* Source information
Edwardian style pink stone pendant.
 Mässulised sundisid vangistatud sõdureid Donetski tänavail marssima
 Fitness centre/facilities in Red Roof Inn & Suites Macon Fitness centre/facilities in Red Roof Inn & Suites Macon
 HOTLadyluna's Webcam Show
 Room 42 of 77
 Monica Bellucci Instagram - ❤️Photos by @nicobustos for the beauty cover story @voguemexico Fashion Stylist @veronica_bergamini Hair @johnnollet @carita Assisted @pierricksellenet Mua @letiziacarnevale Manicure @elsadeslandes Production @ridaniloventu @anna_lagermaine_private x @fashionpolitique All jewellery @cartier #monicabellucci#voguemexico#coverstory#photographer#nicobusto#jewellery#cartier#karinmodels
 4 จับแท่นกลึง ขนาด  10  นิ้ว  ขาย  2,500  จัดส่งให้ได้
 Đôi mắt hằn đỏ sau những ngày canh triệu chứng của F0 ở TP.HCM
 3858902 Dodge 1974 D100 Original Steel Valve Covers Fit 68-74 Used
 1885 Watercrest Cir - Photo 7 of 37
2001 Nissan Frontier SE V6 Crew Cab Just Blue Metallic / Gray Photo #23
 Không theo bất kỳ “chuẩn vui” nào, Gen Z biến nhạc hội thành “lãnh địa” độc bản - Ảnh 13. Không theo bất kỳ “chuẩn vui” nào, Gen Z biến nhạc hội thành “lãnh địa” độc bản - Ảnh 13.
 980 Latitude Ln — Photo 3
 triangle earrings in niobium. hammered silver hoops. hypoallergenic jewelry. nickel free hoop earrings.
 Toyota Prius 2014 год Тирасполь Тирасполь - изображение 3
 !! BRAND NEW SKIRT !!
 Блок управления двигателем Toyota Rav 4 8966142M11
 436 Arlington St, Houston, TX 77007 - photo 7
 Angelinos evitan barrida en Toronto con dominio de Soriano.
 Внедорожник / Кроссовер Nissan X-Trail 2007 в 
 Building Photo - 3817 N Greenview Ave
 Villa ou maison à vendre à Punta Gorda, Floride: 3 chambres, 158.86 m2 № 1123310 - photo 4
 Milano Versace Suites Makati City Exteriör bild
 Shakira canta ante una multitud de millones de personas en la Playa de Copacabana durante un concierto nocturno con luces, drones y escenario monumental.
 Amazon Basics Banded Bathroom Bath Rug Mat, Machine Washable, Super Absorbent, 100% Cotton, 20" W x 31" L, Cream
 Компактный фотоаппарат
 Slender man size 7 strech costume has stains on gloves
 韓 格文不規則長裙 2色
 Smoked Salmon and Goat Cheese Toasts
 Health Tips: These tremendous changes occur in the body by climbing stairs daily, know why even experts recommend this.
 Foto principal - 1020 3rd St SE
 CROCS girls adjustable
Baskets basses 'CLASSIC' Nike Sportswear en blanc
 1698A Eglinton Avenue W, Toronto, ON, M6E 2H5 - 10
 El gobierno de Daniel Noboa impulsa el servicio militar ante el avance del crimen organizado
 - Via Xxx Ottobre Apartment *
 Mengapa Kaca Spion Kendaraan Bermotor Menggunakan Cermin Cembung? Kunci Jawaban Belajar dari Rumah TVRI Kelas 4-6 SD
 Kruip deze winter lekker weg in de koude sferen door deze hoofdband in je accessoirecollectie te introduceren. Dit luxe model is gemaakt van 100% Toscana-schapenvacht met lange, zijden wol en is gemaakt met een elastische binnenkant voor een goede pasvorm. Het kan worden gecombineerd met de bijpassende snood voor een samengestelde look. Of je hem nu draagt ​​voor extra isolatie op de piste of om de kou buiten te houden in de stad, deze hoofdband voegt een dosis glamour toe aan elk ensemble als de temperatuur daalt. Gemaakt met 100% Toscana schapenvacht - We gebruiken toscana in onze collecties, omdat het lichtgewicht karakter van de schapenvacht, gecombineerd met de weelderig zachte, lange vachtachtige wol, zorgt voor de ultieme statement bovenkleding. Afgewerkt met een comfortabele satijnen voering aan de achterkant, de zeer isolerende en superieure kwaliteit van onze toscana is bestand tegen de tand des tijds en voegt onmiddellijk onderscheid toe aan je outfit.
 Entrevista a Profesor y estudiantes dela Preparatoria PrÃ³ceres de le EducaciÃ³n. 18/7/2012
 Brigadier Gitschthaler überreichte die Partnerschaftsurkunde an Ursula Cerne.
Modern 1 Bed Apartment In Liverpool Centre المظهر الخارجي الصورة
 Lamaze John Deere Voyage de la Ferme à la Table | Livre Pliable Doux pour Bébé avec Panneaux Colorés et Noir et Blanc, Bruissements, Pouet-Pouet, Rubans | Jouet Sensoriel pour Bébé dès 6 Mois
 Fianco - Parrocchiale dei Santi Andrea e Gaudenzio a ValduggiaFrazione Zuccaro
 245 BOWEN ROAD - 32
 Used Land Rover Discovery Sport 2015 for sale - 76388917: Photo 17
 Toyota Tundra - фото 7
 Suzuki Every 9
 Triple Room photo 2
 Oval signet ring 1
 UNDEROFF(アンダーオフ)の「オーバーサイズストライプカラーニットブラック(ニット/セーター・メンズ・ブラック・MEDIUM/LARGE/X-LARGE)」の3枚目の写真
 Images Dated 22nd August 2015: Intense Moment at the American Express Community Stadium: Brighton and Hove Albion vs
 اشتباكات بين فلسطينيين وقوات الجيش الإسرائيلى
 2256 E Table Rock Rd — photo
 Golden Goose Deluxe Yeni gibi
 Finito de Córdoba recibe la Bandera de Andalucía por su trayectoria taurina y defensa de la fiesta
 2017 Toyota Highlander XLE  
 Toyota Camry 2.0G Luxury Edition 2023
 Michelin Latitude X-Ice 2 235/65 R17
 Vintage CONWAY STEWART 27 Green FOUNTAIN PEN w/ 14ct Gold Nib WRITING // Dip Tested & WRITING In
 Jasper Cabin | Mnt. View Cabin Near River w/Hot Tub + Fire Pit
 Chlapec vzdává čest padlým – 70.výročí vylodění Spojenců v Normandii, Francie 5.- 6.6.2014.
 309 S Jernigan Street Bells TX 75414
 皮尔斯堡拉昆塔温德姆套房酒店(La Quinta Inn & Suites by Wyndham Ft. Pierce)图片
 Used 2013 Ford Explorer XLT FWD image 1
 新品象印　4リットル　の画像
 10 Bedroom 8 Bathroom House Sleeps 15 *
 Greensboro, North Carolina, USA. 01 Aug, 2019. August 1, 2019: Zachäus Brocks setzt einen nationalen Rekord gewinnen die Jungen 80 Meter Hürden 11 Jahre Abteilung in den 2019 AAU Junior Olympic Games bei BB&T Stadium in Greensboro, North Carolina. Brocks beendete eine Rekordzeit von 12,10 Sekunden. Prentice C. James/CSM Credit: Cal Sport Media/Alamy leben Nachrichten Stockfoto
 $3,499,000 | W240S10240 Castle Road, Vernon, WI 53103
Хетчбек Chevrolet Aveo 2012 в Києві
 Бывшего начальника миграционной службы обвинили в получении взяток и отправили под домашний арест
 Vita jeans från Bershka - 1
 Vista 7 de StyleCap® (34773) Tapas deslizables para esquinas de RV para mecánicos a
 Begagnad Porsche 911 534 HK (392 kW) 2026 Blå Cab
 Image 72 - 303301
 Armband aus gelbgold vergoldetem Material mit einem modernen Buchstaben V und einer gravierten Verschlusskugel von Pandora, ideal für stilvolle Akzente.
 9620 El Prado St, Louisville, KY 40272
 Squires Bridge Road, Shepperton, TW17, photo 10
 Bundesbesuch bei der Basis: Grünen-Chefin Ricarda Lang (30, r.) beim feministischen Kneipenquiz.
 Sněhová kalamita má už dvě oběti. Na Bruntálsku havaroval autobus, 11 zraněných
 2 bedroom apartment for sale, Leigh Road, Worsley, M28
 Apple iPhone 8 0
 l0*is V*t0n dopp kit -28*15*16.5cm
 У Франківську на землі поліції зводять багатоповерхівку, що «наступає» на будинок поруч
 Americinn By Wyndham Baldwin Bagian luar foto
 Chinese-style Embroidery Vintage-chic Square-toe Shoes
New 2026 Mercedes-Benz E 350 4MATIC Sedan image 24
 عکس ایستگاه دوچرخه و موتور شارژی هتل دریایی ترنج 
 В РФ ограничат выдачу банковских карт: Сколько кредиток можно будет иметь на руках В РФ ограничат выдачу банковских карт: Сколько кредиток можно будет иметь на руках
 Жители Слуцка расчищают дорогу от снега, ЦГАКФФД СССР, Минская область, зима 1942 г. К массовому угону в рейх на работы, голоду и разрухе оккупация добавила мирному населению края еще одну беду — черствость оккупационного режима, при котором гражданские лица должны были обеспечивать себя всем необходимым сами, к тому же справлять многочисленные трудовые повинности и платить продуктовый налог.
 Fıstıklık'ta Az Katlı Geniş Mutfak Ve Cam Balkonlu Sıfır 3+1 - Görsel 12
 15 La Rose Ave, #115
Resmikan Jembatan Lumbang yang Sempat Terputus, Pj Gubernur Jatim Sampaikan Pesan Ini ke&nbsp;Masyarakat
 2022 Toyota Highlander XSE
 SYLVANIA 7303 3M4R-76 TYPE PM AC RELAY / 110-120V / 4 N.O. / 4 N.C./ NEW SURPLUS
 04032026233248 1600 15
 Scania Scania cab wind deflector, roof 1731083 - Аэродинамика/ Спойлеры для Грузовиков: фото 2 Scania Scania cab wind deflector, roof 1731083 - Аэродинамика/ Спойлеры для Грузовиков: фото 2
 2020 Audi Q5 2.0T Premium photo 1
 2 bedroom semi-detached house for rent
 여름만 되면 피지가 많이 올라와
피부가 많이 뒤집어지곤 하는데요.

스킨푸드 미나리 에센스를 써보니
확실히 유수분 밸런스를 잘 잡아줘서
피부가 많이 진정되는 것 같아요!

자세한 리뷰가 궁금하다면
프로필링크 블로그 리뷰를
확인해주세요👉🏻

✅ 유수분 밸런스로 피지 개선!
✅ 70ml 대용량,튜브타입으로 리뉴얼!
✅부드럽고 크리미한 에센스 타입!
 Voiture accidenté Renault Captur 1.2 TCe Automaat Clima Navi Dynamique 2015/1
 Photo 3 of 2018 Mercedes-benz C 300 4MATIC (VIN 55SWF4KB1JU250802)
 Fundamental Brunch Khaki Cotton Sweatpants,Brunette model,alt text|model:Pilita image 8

* What you have to do
For every line in the data above that has the string "Nissan", return that line.

* Response
2001 Nissan Frontier SE V6 Crew Cab Just Blue Metallic / Gray Photo #23
 Внедорожник / Кроссовер Nissan X-Trail 2007 в 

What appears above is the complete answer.